Cytochrome P450 (CYP) enzymes constitute a superfamily of heme-containing monooxygenases. CYPs are involved in the metabolism of many chemicals such as drugs and agrochemicals. Therefore, examining the metabolic reactions by each CYP isoform is important to elucidate their substrate recognition mechanisms. The clarification of these mechanisms may be useful not only for the development of new drugs and agrochemicals, but also for risk assessment of chemicals. In our previous study, we identified the metabolites of tebufenozide, an insect growth regulator, formed by two human CYP isoforms: CYP3A4 and CYP2C19. The accessibility of each site of tebufenozide to the reaction center of CYP enzymes and the susceptibility of each hydrogen atom for metabolism by CYP enzymes were evaluated by a docking simulation and hydrogen atom abstraction energy estimation at the density functional theory level, respectively. In this study, the same in silico prediction method was applied to the metabolites of tebufenozide derivatives by major human CYPs (CYP1A2, 2C9, 2C19, 2D6, and 3A4). In addition, the production rate of the metabolites by CYP3A4 was quantitively analyzed by frequency based on docking simulation and hydrogen atom abstraction energy using the classical QSAR approach. Then, the obtained QSAR model was applied to predict the sites of metabolism and the metabolite production order by each CYP isoform.

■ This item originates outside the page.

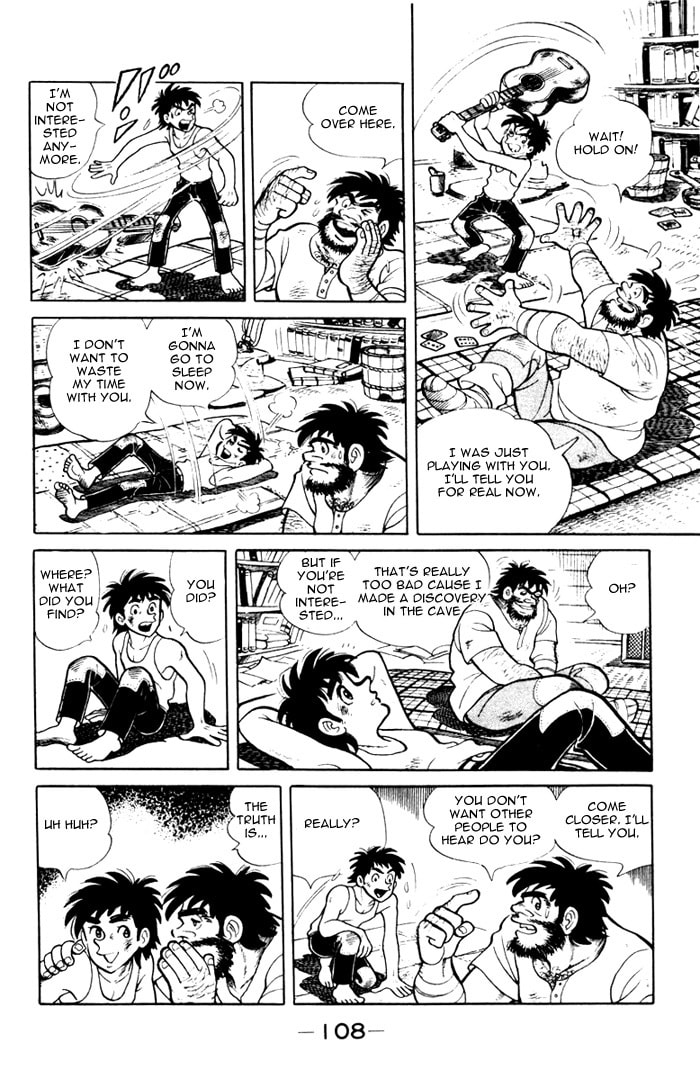 Read Ore wa Teppei chapter 4 image 4 on Lezhin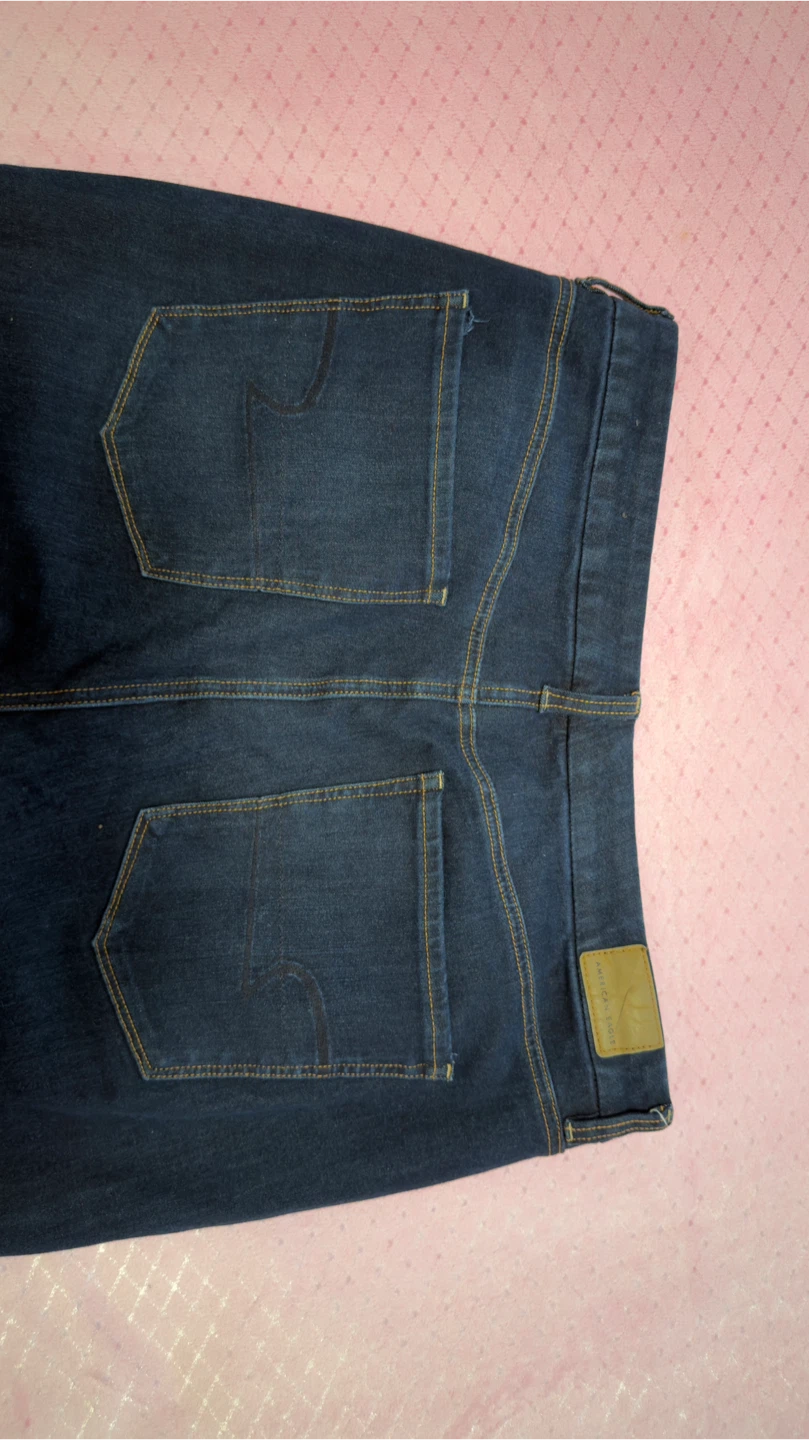 American Eagle "The Dream Jean" Dark Wash Denim Pants - photo 5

细胞色素P450（CYP）酶构成了含血红素的单加氧酶的超家族。CYPs参与许多化学物质的代谢，例如药物和农用化学物质。因此，检查每种CYP同工型的代谢反应对于阐明其底物识别机制很重要。澄清这些机制不仅对开发新药和农用化学品有用，而且对化学品的风险评估也可能有用。在我们之前的研究中，我们鉴定了昆虫生长调节剂Tebufenozide的代谢物，该代谢物由两种人CYP亚型组成：CYP3A4和CYP2C19。在密度泛函理论水平上，分别通过对接模拟和氢原子抽象能估计，评估了替布非尼嗪每个位点对CYP酶反应中心的可及性和每个氢原子对CYP酶代谢的敏感性。在这项研究中，相同In silico预测方法应用于主要人CYP（CYP1A2、2C9、2C19、2D6和3A4）对tebufenozide衍生物的代谢。此外，使用经典的QSAR方法，基于对接模拟和氢原子提取能量，通过频率对CYP3A4代谢产物的产生率进行了定量分析。然后，将获得的QSAR模型应用于预测每种CYP同工型的代谢位点和代谢产物的产生顺序。